→ YOUR GOAL: Below is a listing. Return the lines from the one that contains "WEBBER SPRINGS - Residential" to the one that contains "Sathyaraj: ரஜினியை ஷாக்காக்கிய", both ends included, verbatim and with no pictures.

→ EXTRACTED RECORDS:
◆ ◆ ◆ ◆ ◆ ◆ ◆
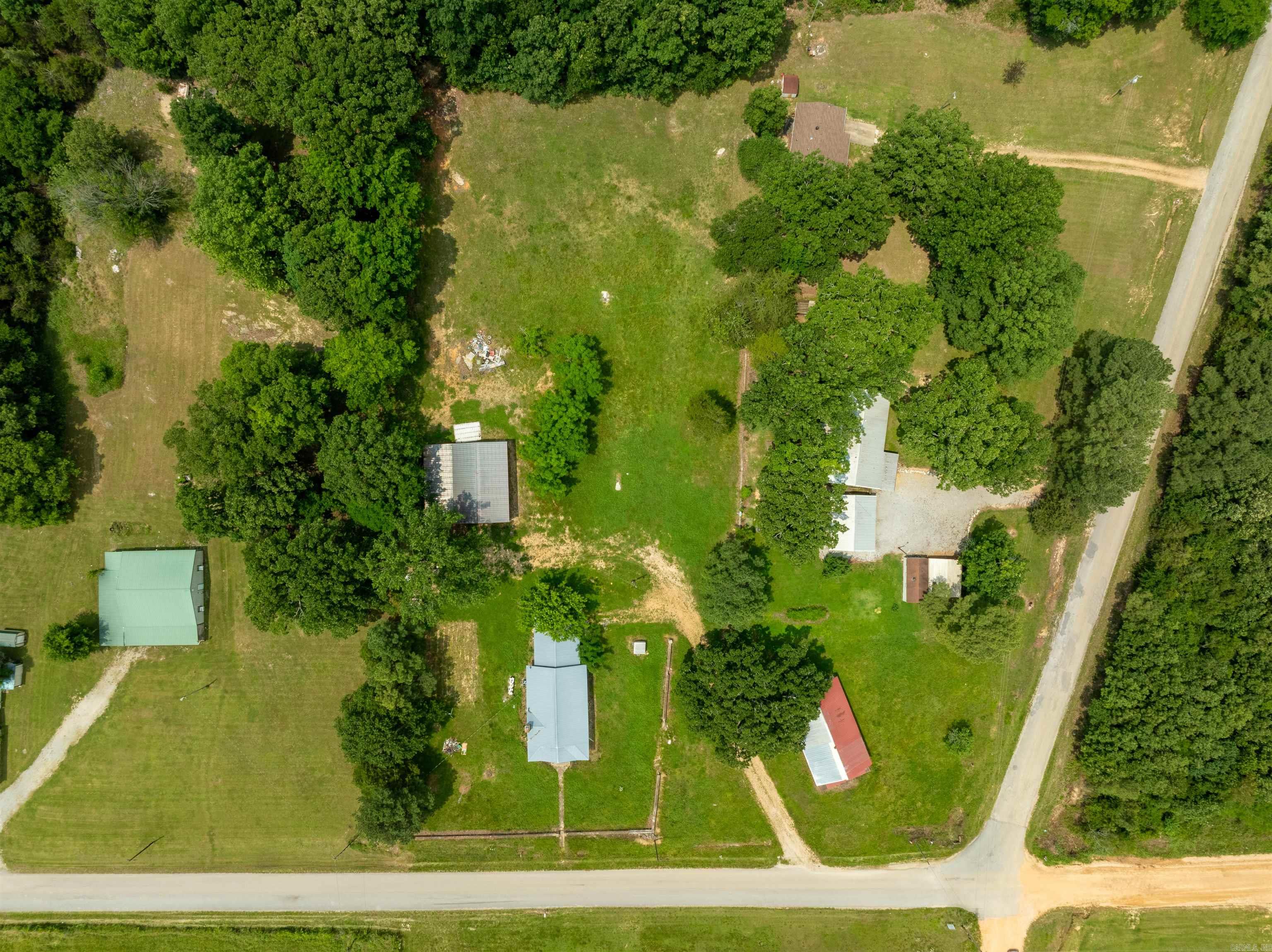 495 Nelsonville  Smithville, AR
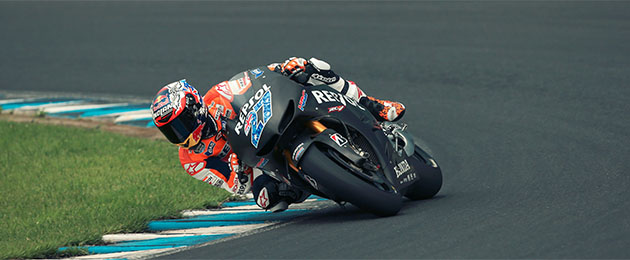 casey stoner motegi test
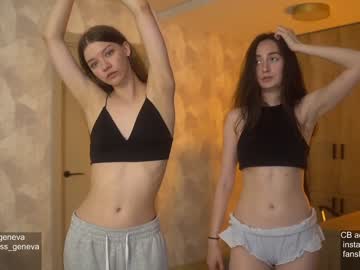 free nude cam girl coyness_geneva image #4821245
◆ ◆ ◆ ◆ ◆ ◆ ◆
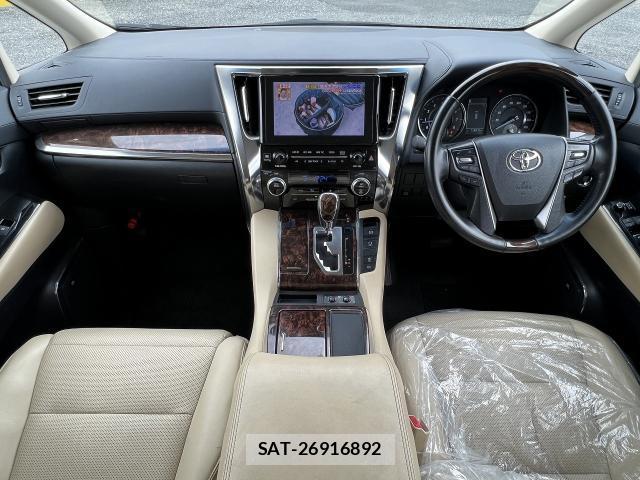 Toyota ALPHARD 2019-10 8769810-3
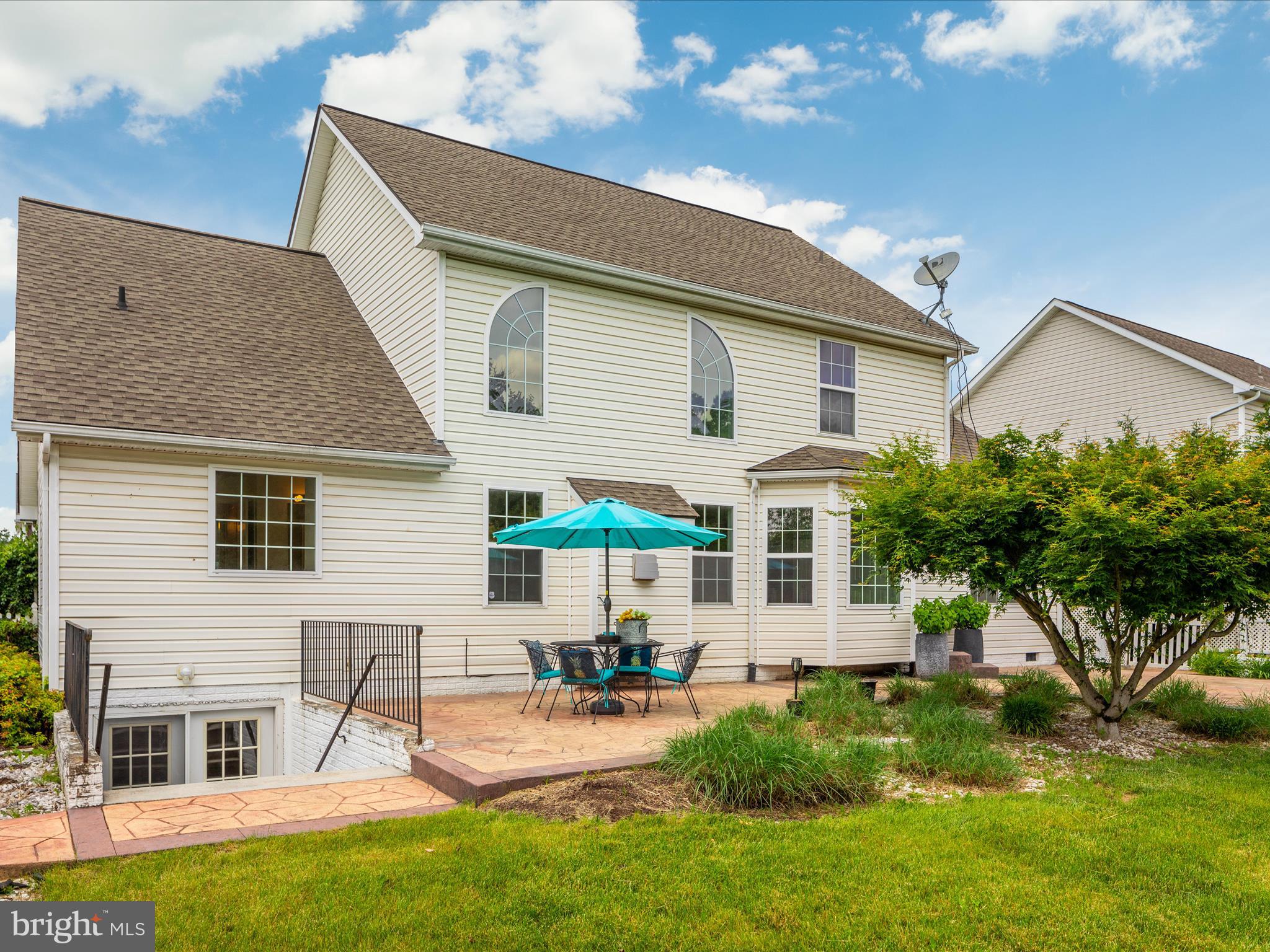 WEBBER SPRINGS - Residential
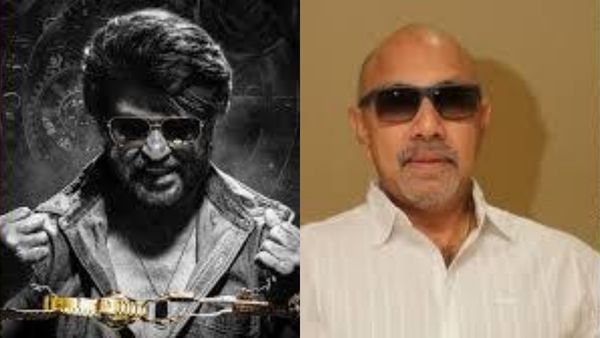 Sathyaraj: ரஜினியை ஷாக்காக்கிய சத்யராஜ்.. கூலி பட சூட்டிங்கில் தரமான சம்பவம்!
◆ ◆ ◆ ◆ ◆ ◆ ◆
→ REPLY TO THE EXERCISE:
 WEBBER SPRINGS - Residential
 Sathyaraj: ரஜினியை ஷாக்காக்கிய சத்யராஜ்.. கூலி பட சூட்டிங்கில் தரமான சம்பவம்!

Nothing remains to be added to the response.